__WHAT NEEDS TO BE DONE__. Count the lines holding the string "this" in the records, and give only the count.

__RECORDS FOR THE TASK__.
= Beginning of Section =
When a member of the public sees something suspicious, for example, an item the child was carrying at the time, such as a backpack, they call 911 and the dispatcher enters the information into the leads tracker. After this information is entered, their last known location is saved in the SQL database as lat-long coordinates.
= End of Section =
= Beginning of Section =
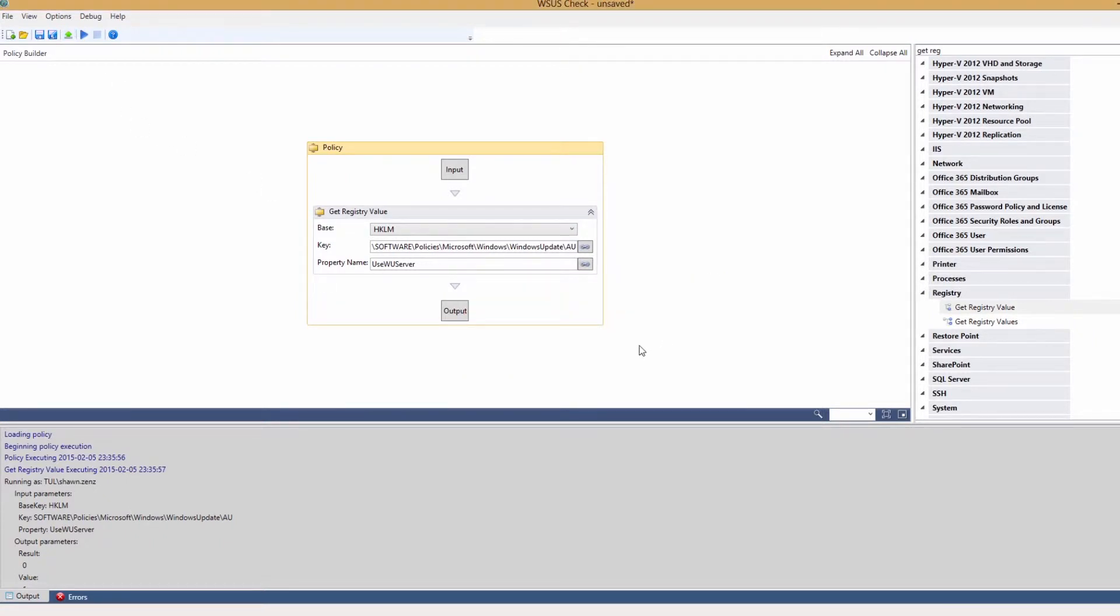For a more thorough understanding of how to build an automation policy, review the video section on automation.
= End of Section =
= Beginning of Section =
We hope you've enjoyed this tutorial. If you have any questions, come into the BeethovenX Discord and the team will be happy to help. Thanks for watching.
= End of Section =
__WRITTEN RESPONSE__. 2